The application has been in the works since last year, when the Sun Valley Ski Education Foundation, Wood River Ability Program, the Blaine County Recreation District and Sun Valley Co. joined forces with the Sustain Blaine economic development organization to apply.
Sustain Blaine developed the application and the business plan with direct input from the other organizations, though the Ski Education Foundation would bear much of the responsibility for operating the site and connecting with athletes.
Harry Griffith, executive director of Sustain Blaine, said the area is ideally suited to certification already.
"Other sites have to build trails or hire coaches. We don't, because we already have that," he said. "We can if we want to, but there's no requirement."
The application promotes the region's 200 kilometers of Nordic skiing trails, which stretch from the Quigley Nordic Trails system south of Hailey to the Park Creek system west of Stanley.
This trails network may prove to be the region's biggest selling point, Nordic skiers say.
"You have one of the best trail systems in the United States," said Peter Ashley, vice president of the Nordic Division of Fischer Skis and former coach for the U.S. Women's Ski Team.
In an interview this winter, Ashley said he thought Sun Valley would be an excellent candidate for certification.
"Certainly you have the infrastructure," he said. "You have a community that backs the sport, the coaches are great and the area to train is excellent. You're a model for other communities to emulate."
Jim Keating, executive director of the Blaine County Recreation District, said it's about more than just the trails.
"It's the total package," he said. "It's not just that we have a great trail system or these great programs or these facilities or culture. It's the totality of experience."
Keating added that the trails' accessibility is an excellent selling point, however.
"The programs and the trails traverse the whole valley, and they're right in our backyard," he said. "That accessibility to not just the trails but the services we have to offer is really unique."
Griffith said Sustain Blaine's interest stems from the economic impact that certification would have on the valley. Based on consultations with the foundation and the sport's governing bodies, Griffith estimates the number of local Nordic-centric events such as the Boulder Mountain Tour could grow from 11 to 20 over the next three years.
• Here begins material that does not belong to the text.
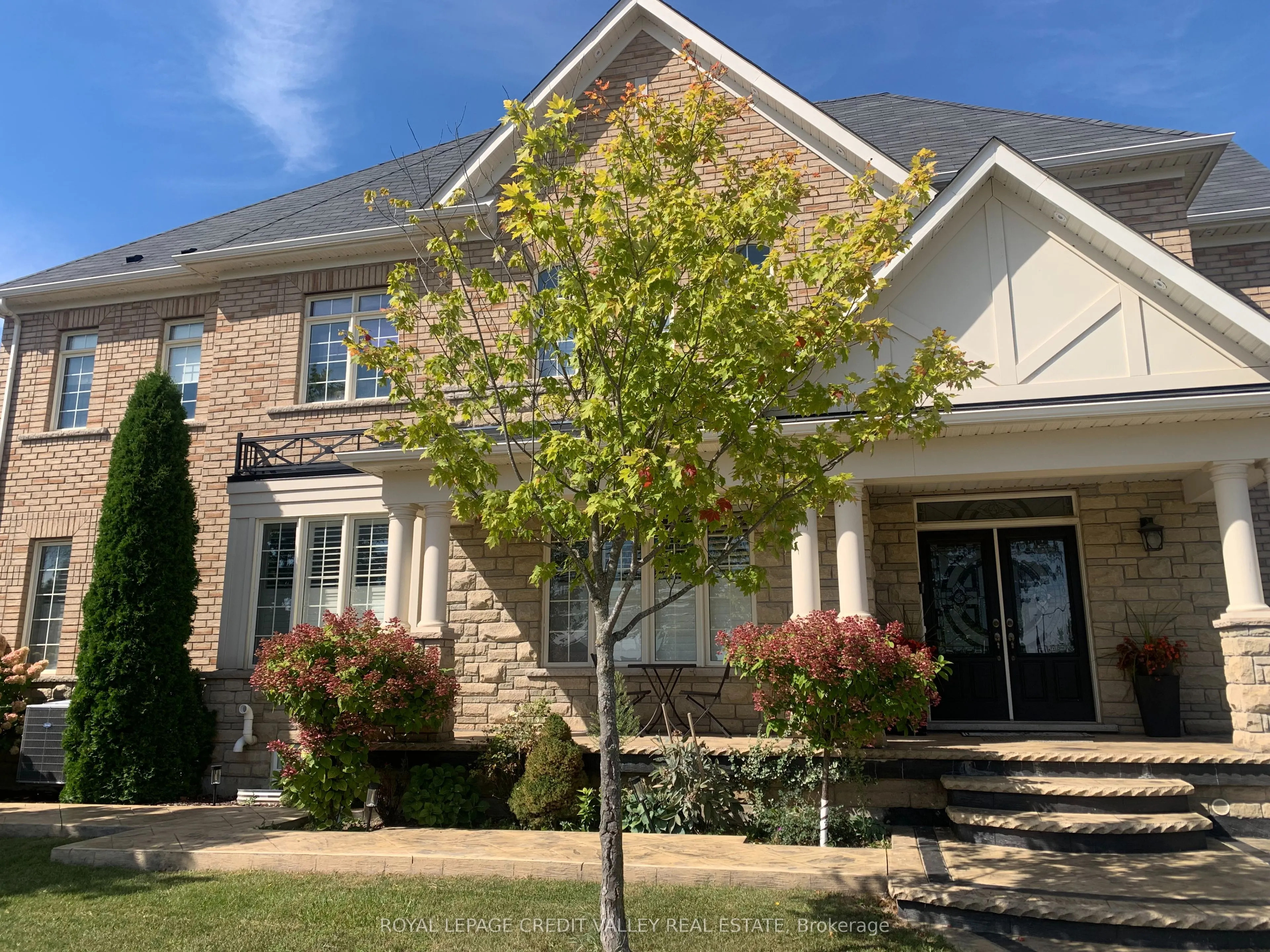 4 Bonnie Braes Drive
The increase in events would bring an influx of athletes, their families and spectators, which could give the region's economy a boost.
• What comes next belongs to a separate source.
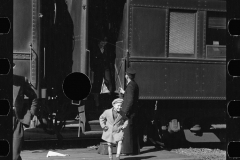 2922_Passengers arriving at  Hagerstown railroad station, Maryland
Griffith said Olympic certification could also indirectly boost tourism.
"People come to Olympic training sites because it's a cool place to go," he said.
Griffith said the Sun Valley Ski Education Foundation could benefit economically as well.
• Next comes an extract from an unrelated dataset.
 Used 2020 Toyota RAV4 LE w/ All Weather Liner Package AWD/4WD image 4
He said big companies might not sponsor the Ski Education Foundation as a local program, but might sponsor it once the region has an official training site.
However, certification is not a guaranteed boon for the Sun Valley region's economy. Griffith said the region has to promote the designation and take advantage of the opportunities it can offer.
"If we embrace it as a community and start to do special programs around Nordic skiing, that gives us a tool to expand the Nordic market and the Nordic experience," he said.
The application was submitted to the U.S. Olympic Committee earlier this week. The application will be reviewed by the Department of Athletic Services, a process that could take several months, Griffith said.
If all goes well, the committee could make a site visit to Sun Valley for final review before the end of the year, putting the region on track for certification in early 2012.
Griffith, who has been working on the application for months, said the project is important to the region because of the significant economic impacts and its potential to unite the community.
"There's not a lot of people who are going to get upset about an Olympic training site," he said. "Some people get upset about hotels, some people get upset about new businesses, but this [designation] fits Sun Valley's quality of life."